═══ Information provided
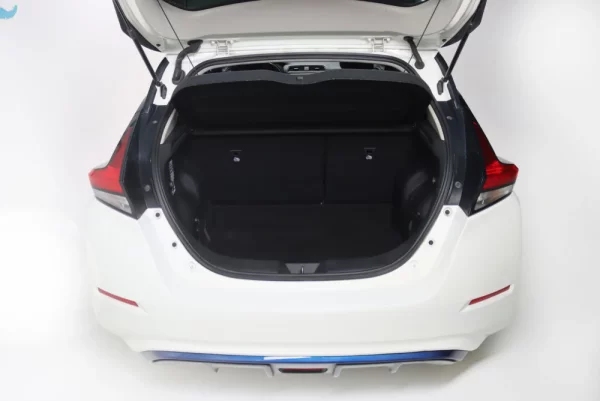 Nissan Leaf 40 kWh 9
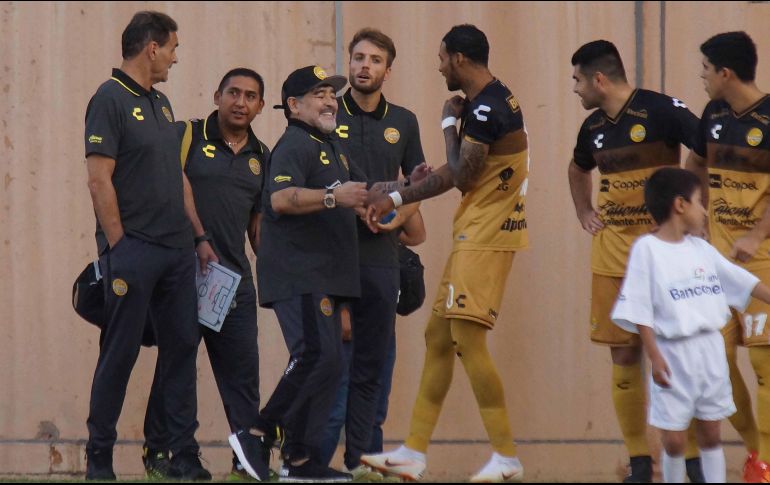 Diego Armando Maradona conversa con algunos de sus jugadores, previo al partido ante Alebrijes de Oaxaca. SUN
══════
═══ Information provided
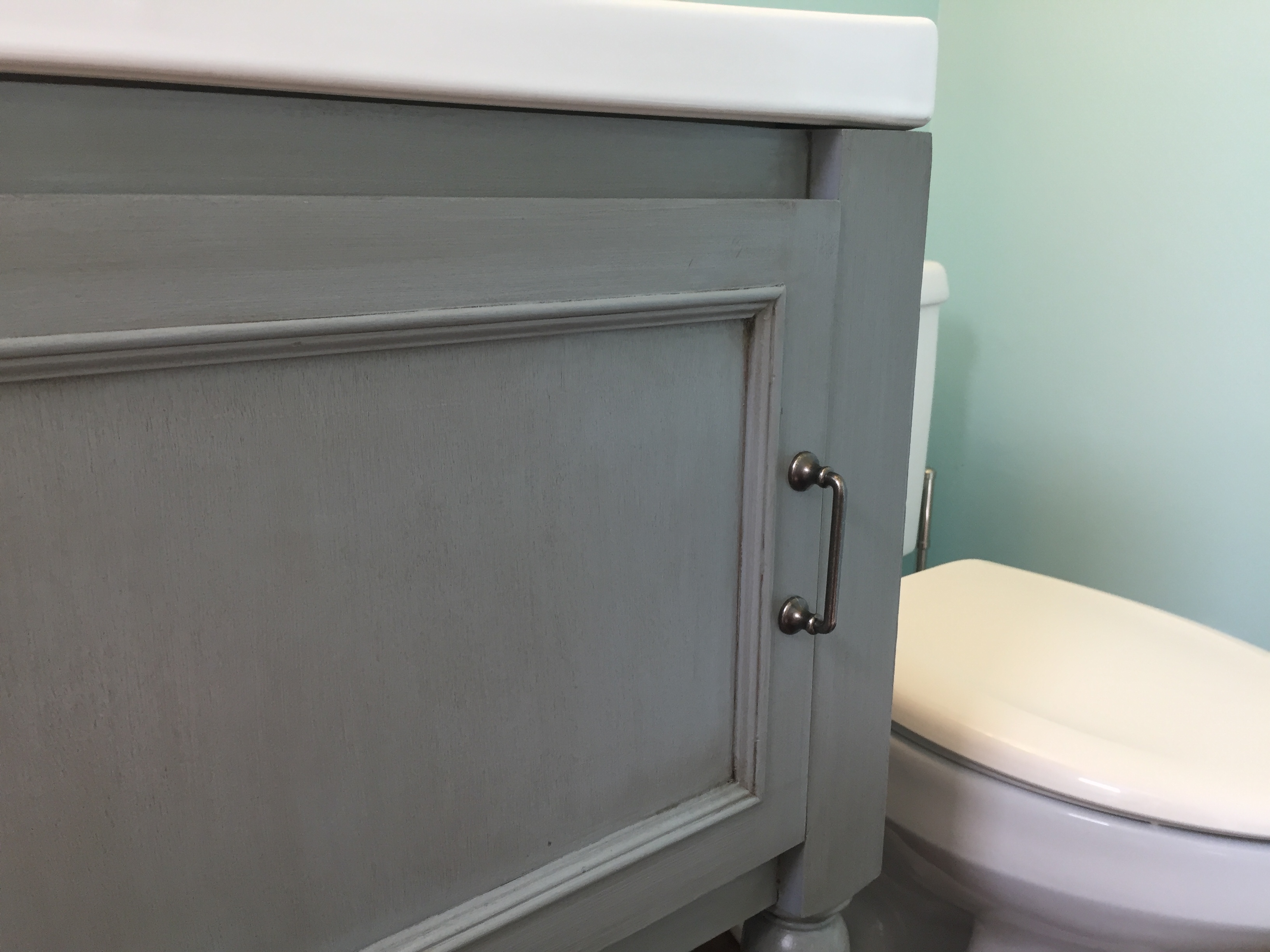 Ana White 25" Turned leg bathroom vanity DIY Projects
══════
═══ Information provided
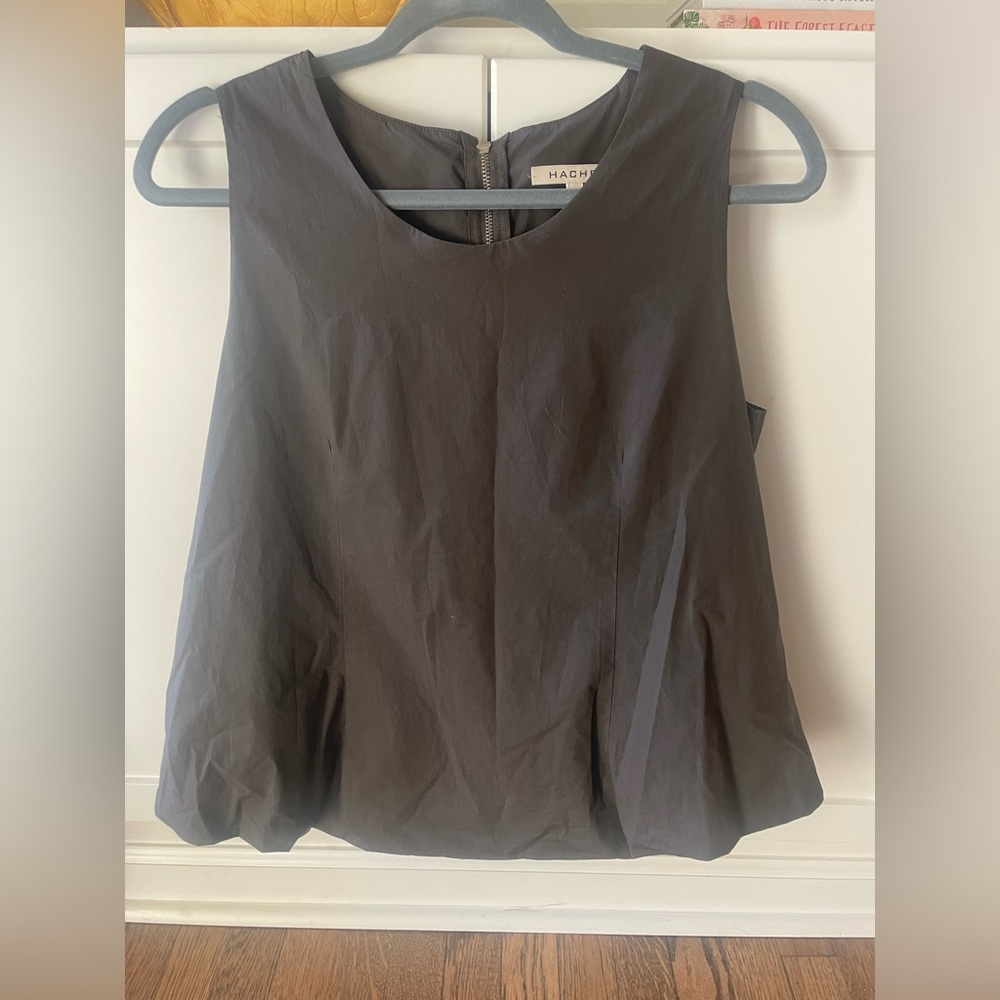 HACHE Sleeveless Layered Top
══════
--- Your objective ---
A clean copy is needed of the lines in the listing above from the one with "Nissan Leaf 40 kWh 9" through the one with "Diego Armando Maradona", exact in every word and free of pictures.

--- Answer area ---
 Nissan Leaf 40 kWh 9
 Diego Armando Maradona conversa con algunos de sus jugadores, previo al partido ante Alebrijes de Oaxaca. SUN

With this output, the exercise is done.